Incident Report for Keen

Resolved

S3 streaming is now caught up as well. All systems operating normally.

Posted May 12, 2016 - 03:20 PDT

Update

We are continuing to clear the S3 streaming integration backlog. Other services are operating normally.

Posted May 12, 2016 - 02:51 PDT

Update

Query performance and write delay are back to normal. We are continuing to work through a backlog for customers using the S3 streaming integration.

Posted May 11, 2016 - 20:10 PDT

Update

We are continuing to investigate and are monitoring both the read (via query durations) and write (via event backlog size) status closely.

Posted May 11, 2016 - 16:41 PDT

Monitoring

We are starting to catch up on writes and are monitoring closely. We expect this process to take some time as there's now a backup of events to process. We are also continuing to monitor query durations.

Posted May 11, 2016 - 15:02 PDT

Update

We are actively working on resolving write delays, and we're monitoring query durations.

Posted May 11, 2016 - 13:54 PDT

Investigating

We're continuing to investigate read and write delays. Query times are stabilizing, and we're working through write performance issues.

Posted May 11, 2016 - 12:57 PDT

Monitoring

We've made some additional configuration changes and continue to see improvement in both read and write delays, but both are still slower than normal.

Posted May 11, 2016 - 11:20 PDT

Update

We made a configuration change to the read traffic to alleviate some of the query API latency, but queries are still temporarily slower than normal.

Posted May 11, 2016 - 09:57 PDT

Identified

We have identified a strong candidate for some of our concerns this morning. We've decided on a course of action and will update you with the results. (For those that are wondering, the component we are primarily examining is Apache Zookeeper.)

Posted May 11, 2016 - 09:08 PDT

Update

We are still looking into this. We apologize for the inconvenience. To be honest, we're not too thrilled with it either. We will try to keep you posted as we learn anything new.
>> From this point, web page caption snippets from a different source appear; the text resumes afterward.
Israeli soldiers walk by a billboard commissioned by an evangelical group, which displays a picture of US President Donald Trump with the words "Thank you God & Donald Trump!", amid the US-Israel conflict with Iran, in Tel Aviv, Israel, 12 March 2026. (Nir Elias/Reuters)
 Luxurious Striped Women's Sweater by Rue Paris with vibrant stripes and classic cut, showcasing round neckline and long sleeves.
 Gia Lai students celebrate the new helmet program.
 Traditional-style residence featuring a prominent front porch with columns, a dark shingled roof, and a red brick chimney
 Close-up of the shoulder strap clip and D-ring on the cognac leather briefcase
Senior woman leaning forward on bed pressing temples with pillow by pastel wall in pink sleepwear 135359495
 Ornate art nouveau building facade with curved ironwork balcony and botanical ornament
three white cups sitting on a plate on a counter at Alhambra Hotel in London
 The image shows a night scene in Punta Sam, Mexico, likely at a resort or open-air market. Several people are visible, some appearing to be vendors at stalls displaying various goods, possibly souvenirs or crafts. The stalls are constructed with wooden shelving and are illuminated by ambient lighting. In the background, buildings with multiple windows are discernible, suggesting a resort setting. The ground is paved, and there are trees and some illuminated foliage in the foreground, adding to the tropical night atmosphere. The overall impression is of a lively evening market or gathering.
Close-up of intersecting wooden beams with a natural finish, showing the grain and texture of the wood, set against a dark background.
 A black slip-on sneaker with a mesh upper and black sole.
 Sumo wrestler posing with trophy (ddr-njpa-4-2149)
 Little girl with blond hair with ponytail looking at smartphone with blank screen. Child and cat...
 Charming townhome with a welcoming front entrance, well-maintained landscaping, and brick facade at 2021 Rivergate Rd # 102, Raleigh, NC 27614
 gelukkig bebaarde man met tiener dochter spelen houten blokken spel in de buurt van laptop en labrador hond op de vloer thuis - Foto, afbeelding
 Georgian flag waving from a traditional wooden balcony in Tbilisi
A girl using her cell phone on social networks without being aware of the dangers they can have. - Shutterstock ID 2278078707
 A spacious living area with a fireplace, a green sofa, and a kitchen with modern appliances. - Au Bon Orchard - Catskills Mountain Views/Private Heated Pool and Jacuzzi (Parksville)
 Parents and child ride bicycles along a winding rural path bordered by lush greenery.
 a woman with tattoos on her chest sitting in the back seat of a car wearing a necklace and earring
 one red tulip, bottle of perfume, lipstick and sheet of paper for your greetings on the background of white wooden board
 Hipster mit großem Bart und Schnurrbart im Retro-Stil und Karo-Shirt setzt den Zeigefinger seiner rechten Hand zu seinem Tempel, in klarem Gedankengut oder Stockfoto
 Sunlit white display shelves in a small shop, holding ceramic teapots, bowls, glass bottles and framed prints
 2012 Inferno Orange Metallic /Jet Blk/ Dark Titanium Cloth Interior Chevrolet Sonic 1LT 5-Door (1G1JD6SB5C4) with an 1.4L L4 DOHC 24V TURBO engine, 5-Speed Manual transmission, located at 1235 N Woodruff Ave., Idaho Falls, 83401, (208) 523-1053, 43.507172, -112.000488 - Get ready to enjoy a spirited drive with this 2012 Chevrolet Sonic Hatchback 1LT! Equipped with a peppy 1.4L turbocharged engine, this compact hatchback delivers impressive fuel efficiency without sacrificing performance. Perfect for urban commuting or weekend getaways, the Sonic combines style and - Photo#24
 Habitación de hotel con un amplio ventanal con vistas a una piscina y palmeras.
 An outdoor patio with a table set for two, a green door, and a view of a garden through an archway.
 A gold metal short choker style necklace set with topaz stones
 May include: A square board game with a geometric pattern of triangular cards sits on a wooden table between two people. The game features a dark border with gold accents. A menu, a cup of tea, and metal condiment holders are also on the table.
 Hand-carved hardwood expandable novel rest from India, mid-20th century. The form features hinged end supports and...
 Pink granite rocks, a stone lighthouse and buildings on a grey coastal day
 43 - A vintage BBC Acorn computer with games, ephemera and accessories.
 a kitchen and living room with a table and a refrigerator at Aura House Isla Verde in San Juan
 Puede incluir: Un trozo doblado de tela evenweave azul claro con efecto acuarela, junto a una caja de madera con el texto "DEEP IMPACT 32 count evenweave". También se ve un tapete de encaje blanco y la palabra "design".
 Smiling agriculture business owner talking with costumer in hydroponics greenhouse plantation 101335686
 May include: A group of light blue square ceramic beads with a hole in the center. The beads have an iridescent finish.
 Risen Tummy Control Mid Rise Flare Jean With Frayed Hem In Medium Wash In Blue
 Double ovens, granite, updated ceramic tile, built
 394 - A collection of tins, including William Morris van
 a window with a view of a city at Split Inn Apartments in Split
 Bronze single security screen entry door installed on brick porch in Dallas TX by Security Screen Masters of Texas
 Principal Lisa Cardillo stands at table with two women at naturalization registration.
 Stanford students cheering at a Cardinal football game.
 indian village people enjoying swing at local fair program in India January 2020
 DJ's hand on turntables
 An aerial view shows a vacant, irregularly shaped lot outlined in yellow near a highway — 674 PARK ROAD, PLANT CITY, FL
Thank you for your patience.

Posted May 11, 2016 - 08:08 PDT

Update

Our initial investigation is indicating increased latency inside one of our hosting provider's data centers. We are working with our provider to debug the issue and get speeds back to normal as quickly as possible. Both our Data Collection APIs and Data Analysis APIs continue to have poor response times, but thus far nothing indicates that there would be any data loss.

Posted May 11, 2016 - 05:36 PDT

Investigating

We're currently investigating issues with events being slow, as well as query durations being high. Users may not receive immediate data for events sent in the last hour and queries may take longer than usual.

Posted May 11, 2016 - 03:58 PDT

This incident affected: Stream API.